Training for weather forecasters and staff of the National Emergency Office (NEMO) to improve lead-time in issuing accurate severe weather warnings to the public, is being held in Nuku’alofa this week.
The one-week training by the World Meteorological Organization (WMO) on severe weather is also focused on looking at ways to improve the current severe weather services.
‘Ofa Fa’anunu the Director of the National Weather Forecasting Centre said the specialized training is timely for them to prepare and get their staff ready for the upcoming cyclone activity.
He said Tonga is currently in El Nino year, which means we would expect more than usual cyclone activity.
“We are also looking at ways to improve our severe weather forecasts and it is good to have this training together with NEMO to start talking about ways to improve the impact side of things,” he said.
“It’s one thing getting a forecast right but it is another thing translating that message into language that is understood by Emergency Managers as well as the public so they can respond properly.”

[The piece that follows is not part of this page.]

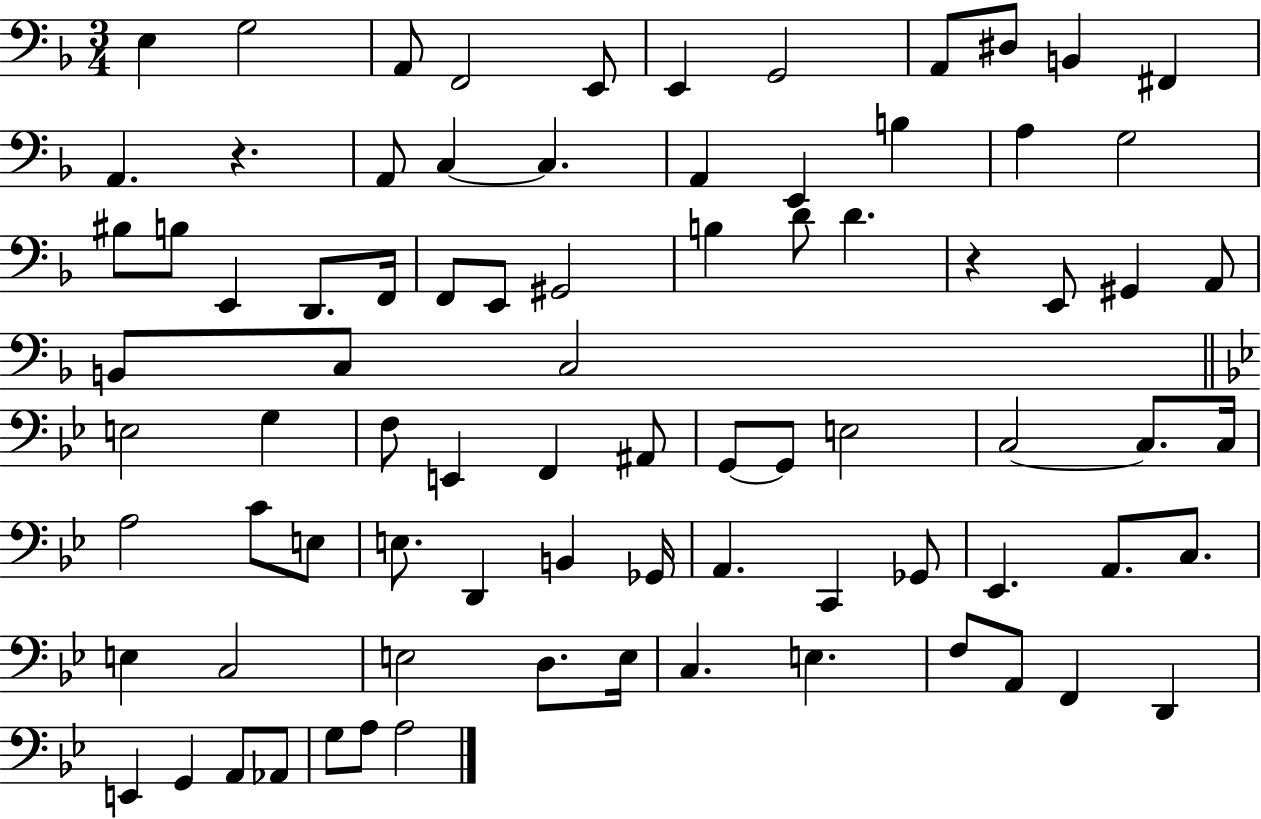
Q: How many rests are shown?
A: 2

Jim Watson, a public weather specialist from the United Kingdom Met Office, is one of the trainers who is helping to developing warnings and appropriate tools to help forecasters. He said that improving collaboration between meteorological and disaster response centers is also critical for getting the message across to ensure appropriate response.
Acting CEO for MEIDECC, ‘Atelaite Lupe Matoto said the training provides important assistance to improve interaction between MET, NEMO and civil protection authorities before, during and after events.
The training from August 31 to September 4 at the NEMO office in Vaololoa is co-funded by the Tongan Government and WMO through the Canadian Government.